Most modern LLMs are capable of basic reasoning and can answer questions like, "If a train is moving at 60 mph and travels for 3 hours, how far does it go?" So, today, when we refer to reasoning models, we typically mean LLMs that excel at more complex reasoning tasks, such as solving puzzles, riddles, and mathematical proofs.
Additionally, most LLMs branded as reasoning models today include a "thought" or "thinking" process as part of their response.
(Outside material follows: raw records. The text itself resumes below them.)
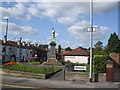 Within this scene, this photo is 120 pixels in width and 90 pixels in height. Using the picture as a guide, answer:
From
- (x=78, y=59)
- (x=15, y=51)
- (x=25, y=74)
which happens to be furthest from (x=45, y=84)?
→ (x=15, y=51)

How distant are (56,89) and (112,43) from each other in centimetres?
3824

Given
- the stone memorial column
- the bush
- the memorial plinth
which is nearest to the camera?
the stone memorial column

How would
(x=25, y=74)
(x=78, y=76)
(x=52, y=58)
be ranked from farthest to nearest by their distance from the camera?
1. (x=52, y=58)
2. (x=25, y=74)
3. (x=78, y=76)

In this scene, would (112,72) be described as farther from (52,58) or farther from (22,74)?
(52,58)

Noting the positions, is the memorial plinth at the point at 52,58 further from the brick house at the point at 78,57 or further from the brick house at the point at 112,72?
the brick house at the point at 112,72

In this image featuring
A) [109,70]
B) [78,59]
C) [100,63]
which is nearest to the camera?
[109,70]

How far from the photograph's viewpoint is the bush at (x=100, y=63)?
54.2 ft

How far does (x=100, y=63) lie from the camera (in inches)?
661

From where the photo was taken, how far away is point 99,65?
16.8 meters

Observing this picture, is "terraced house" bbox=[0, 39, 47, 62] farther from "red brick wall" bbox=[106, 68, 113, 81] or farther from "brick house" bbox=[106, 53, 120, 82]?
"red brick wall" bbox=[106, 68, 113, 81]

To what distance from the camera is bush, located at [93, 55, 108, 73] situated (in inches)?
650

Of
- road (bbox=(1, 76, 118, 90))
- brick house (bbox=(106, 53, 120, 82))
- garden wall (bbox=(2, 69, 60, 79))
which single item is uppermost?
brick house (bbox=(106, 53, 120, 82))

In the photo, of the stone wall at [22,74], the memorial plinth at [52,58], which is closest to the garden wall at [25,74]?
the stone wall at [22,74]

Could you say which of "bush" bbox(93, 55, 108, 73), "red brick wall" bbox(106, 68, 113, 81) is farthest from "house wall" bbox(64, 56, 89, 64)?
"red brick wall" bbox(106, 68, 113, 81) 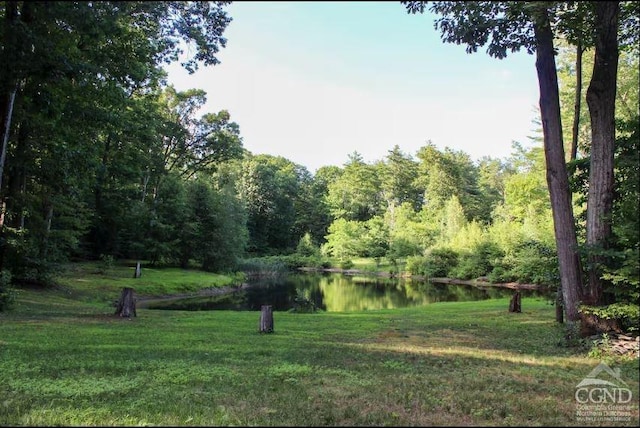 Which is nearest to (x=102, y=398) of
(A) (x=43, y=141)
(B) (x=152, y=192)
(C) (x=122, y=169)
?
(A) (x=43, y=141)

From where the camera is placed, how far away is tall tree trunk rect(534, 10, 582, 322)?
9.75m

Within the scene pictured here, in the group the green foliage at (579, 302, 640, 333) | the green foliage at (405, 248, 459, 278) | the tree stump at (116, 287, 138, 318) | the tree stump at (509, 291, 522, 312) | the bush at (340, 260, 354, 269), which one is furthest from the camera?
the bush at (340, 260, 354, 269)

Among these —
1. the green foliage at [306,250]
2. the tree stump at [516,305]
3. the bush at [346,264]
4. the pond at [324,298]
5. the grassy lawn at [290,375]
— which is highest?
the green foliage at [306,250]

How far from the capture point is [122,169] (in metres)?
30.7

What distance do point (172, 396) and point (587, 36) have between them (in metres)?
11.2

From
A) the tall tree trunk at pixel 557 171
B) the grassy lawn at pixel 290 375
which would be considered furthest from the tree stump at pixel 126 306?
the tall tree trunk at pixel 557 171

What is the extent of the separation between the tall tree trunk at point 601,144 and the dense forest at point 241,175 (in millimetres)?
32

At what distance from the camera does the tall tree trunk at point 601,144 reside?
9016 mm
Whether and how an LLM actually "thinks" is a separate discussion.
Intermediate steps in reasoning models can appear in two ways. First, they may be explicitly included in the response, as shown in the previous figure. Second, some reasoning LLMs, such as OpenAI's o1, run multiple iterations with intermediate steps that are not shown to the user.

When should we use reasoning models?
Now that we have defined reasoning models, we can move on to the more interesting part: how to build and improve LLMs for reasoning tasks. However, before diving into the technical details, it is important to consider when reasoning models are actually needed.
When do we need a reasoning model? Reasoning models are designed to be good at complex tasks such as solving puzzles, advanced math problems, and challenging coding tasks. However, they are not necessary for simpler tasks like summarization, translation, or knowledge-based question answering. In fact, using reasoning models for everything can be inefficient and expensive. For instance, reasoning models are typically more expensive to use, more verbose, and sometimes more prone to errors due to "overthinking." Also here the simple rule applies: Use the right tool (or type of LLM) for the task.
The key strengths and limitations of reasoning models are summarized in the figure below.

A brief look at the DeepSeek training pipeline
Before discussing four main approaches to building and improving reasoning models in the next section, I want to briefly outline the DeepSeek R1 pipeline, as described in the DeepSeek R1 technical report. This report serves as both an interesting case study and a blueprint for developing reasoning LLMs.
Note that DeepSeek did not release a single R1 reasoning model but instead introduced three distinct variants: DeepSeek-R1-Zero, DeepSeek-R1, and DeepSeek-R1-Distill.
Based on the descriptions in the technical report, I have summarized the development process of these models in the diagram below.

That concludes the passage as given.